Page MenuHomePhabricator

Unexpected DOM diff on a <ref> node after an edit
Closed, ResolvedPublic0 Estimated Story Points

Description

See bug report which is reproducible.

I followed the DOM dumping instructions on the debugging page to get the DOM in VE before/after a trivial edit.

I also fetched the data-parsoid for the tid from RESTBase and saved it locally (and edited it to add a "parsoid" wrapper that the Parsoid API expects).

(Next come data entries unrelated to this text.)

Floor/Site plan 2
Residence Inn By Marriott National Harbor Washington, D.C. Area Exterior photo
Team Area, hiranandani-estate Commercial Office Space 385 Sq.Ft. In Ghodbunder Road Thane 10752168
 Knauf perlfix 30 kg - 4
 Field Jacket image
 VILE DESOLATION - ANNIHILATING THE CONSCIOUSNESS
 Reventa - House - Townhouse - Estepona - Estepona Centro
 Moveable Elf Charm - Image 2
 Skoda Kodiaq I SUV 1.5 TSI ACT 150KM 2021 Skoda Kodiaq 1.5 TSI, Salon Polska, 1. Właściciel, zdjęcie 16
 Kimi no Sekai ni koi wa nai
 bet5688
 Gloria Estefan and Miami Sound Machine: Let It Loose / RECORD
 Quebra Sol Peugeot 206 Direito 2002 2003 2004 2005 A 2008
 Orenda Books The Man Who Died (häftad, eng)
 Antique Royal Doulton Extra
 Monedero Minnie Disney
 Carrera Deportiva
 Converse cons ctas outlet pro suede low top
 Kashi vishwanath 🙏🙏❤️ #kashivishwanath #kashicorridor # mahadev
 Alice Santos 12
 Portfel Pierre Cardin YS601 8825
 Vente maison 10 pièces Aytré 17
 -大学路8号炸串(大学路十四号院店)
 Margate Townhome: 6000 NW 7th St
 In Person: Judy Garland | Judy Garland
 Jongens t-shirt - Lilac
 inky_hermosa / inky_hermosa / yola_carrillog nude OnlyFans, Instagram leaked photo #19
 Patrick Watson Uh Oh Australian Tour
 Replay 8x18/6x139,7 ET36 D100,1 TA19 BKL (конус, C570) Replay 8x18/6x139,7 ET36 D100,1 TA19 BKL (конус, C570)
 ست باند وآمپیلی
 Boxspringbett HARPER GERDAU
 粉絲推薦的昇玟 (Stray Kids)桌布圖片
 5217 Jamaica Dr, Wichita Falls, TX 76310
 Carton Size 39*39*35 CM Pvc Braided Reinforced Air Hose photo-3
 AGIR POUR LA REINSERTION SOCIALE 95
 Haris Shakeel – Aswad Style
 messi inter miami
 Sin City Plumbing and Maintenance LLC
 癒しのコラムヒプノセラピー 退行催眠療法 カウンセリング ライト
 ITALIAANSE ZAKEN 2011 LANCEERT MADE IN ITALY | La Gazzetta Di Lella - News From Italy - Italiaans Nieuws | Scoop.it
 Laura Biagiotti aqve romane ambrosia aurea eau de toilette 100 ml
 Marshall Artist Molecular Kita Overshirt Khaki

I then ran the following script:

parse.js --html2wt --dump dom:post-dom-diff --selser --pbinfile /tmp/dp --oldhtmlfile /tmp/orig.html --oldtextfile /tmp/wt < /tmp/new.html

Examining the dumped DOM with dom-diff annotations, I indeed find that the <ref> node has marked as having its wrapper modified. I looked at the HTML files and there seems to be some diffs in the DOM nodes. I am stopping here and filing this bug report. I don't know whether this is a VE issue (not sure why the DOM node changed, even if the content is identical), or whether this is an edge case inside Parsoid in terms of its expectations around how <ref> nodes are represented.

Event Timeline

Separately, looks like we need a helper script to do some of these steps (finding the tid, fetching data-parsoid from RB, massaging it by adding the external wrapper) for ease of debugging (since things are a bit more involved compared to how they were a couple years back).

This is a "bug" in Parsoid's dom-diff code it appears.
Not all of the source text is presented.